According to Engadget.com, AT&T will implement a 150GB monthly cap on DSL customers and a 250GB cap on subscribers to U-Verse high speed Internet access starting on May 2, 201. AT&T will charge overage fees of $10 for every additional 50GB of data, with two grace periods to start out — in other words, the third time you go over the cap, that’s when you’ll get charged.
AT&T explains it will only impact two percent of consumers who use “a disproportionate amount of bandwidth,” and poses the caps as an alternative to throttling transfer speeds or disconnecting excessive users from the service completely. Customers will be able to check their usage with an online tool, and get notifications when they reach 65 percent, 90 percent and 100 percent of their monthly rates.
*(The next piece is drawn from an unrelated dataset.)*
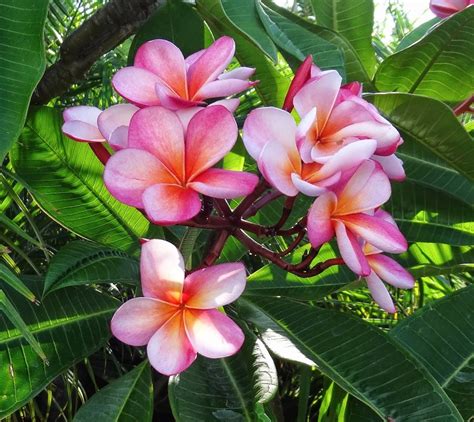 hawaii oahu maui kauai molokai lanai plumeria 10 seeds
Here’s the AT&T statement attempting to justify the data caps and overage charges:
“We are committed to providing a great experience for all of our Internet customers. Less than 2 percent of our Internet customers could be impacted by this approach – those who are using a disproportionate amount of bandwidth. We will communicate early and often with these customers so they are well aware of their options before they incur any additional usage charges.
The top 2 percent of residential subscribers uses about 20 percent of the bandwidth on our network. Just one of these high-traffic users can utilize the same amount of data capacity as 19 typical households. Lopsided usage patterns can cause congestion at certain points in the network, which can slow Internet speeds and interfere with other customers’ access to and use of the network. Our new plan addresses another concern: customers strongly believe that only those who use the most bandwidth should pay more than those who don’t use as much. That’s exactly what this does – and again, 98% of our customers will not be impacted by this.”
Opinion: I expected data caps to happen late last year, with all the video streaming, uploads and downloads. Apparently, most of the streaming is from people streaming Netflix videos to their converter boxes- TVs.
Note, that ATT’s U-verse and ADSL-based Internet access are completely different transport architectures:
- U-verse is all IP over Ethernet (frame format) with fiber to the cabinet/node and VDSL2 to the subscriber- shorter copper loop than conventional DSL Internet access.
- ADSL Internet is IP over PPP over ATM AAL5 over ADSL (or ADSL2+) from the CO or Digital Loop Carrier to the subscriber (much longer copper loop).
Here’s an article comparing triple play delivery networks, highlighting AT&T U Verse (based on an IEEE ComSoc SCV officer tour of AT&Ts U Verse Labs in San Ramon, CA last summer). Readers may find it informative if not enlightening:
As far as we know, Comcast is NOT capping its high speed Internet traffic- either for residential or business customers. And they offer higher speeds than AT&T U-Verse or DSL Internet.
Note: The author has had AT&T (SBC, Pac Bell) DSL based Internet access since 2001, which was only upgraded to 2.5 M bit/sec a few years ago. It is much slower than DSL access in other countries, let alone what Comcast and other MSOs are offering for the same service.